Nigeria’s Supreme Court upheld the election of President Umaru Yar’Adua on Friday, giving him the mandate to lead Africa’s most populous nation through a global financial crisis and tumbling oil prices.
The court rejected challenges from his two closest rivals in last year’s polls who, along with foreign and local observers, alleged widespread vote-rigging in the April 2007 election.
”In sum, this appeal failed and is dismissed. Accordingly, Umaru Yar’Adua and Dr Goodluck Jonathan are the president and vice-president of the Federal Republic of Nigeria,” said Supreme Court Justice Niki Tobi.
The widely expected decision ends nearly two years of legal wrangling that has limited Yar’Adua’s authority and unnerved foreign investors in sub-Saharan Africa’s second biggest economy.
”I don’t think it [the court case] has been a huge impediment, but it has been a distraction,” said Matthew Pearson, head of Africa equity research at Renaissance Capital.
”The ruling will allow him to focus more closely on implementing his reforms.”
With his legal challenges behind him, Yar’Adua will confront growing pressure to fulfil his campaign promises such as fixing the country’s shoddy power sector and improving security in the oil-rich Niger Delta.
Yar’Adua’s critics believe he has moved too slowly on reforms, pointing to the long delays in drafting a 2009 budget, choosing a new Cabinet and revamping the energy sector.
The president must also manage an economy largely untouched by the global financial crisis, but facing slower growth due to plummeting oil prices.

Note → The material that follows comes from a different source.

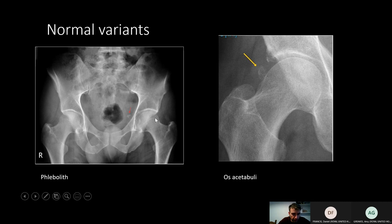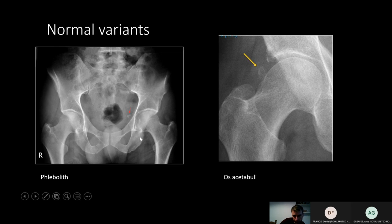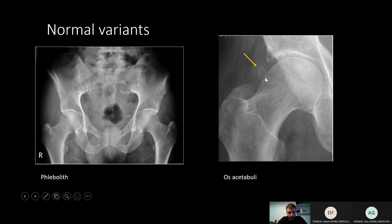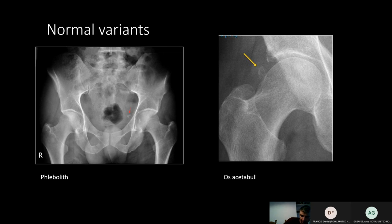A couple of normal variants: phleboliths are calcified lesions within the walls of veins within the pelvis, or calcified lymph nodes. Then there's the os acetabuli, which is almost like heterotopic ossification around the hip joint — a normal variant. It's not concerning because it's nicely corticated and doesn't look jagged like it's been fractured.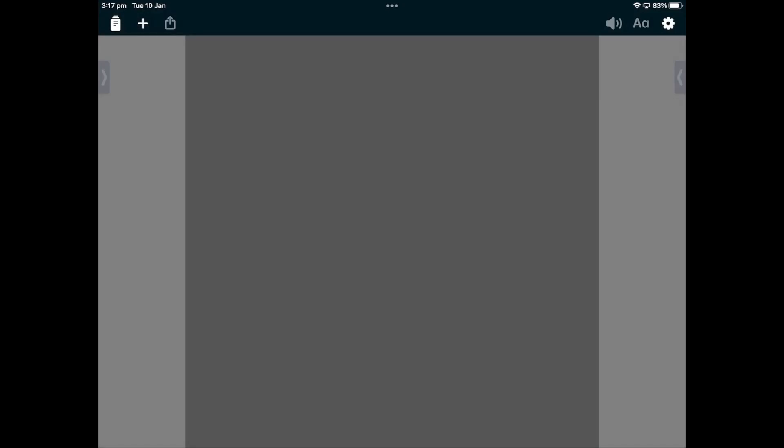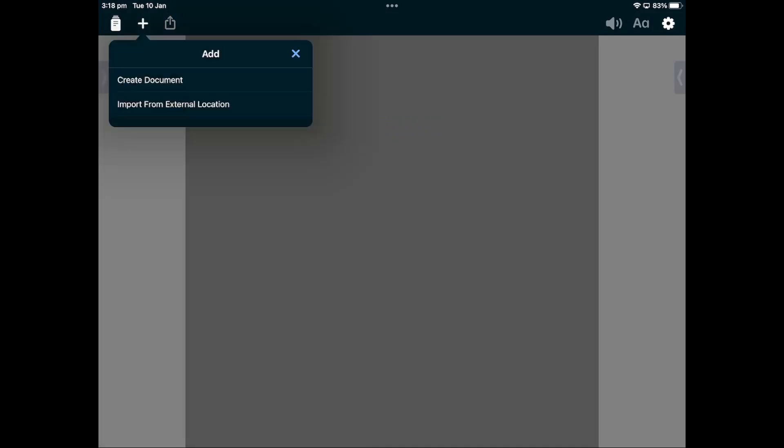When you first open the app, you will be taken into a blank document. To start your first document, tap on the plus symbol in the top left-hand corner of the screen, then tap Create Document.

Some 80% of government revenues come from the nation’s oil sector.
The court said former military ruler Muhammadu Buhari and former vice-president Atiku Abubakar, the two main opposition presidential candidates last year, failed to provide enough evidence to prove that the April 2007 vote was too flawed to be credible.
The election led to the first handover of power from one civilian leader to another in Africa’s most populous nation and top oil producer.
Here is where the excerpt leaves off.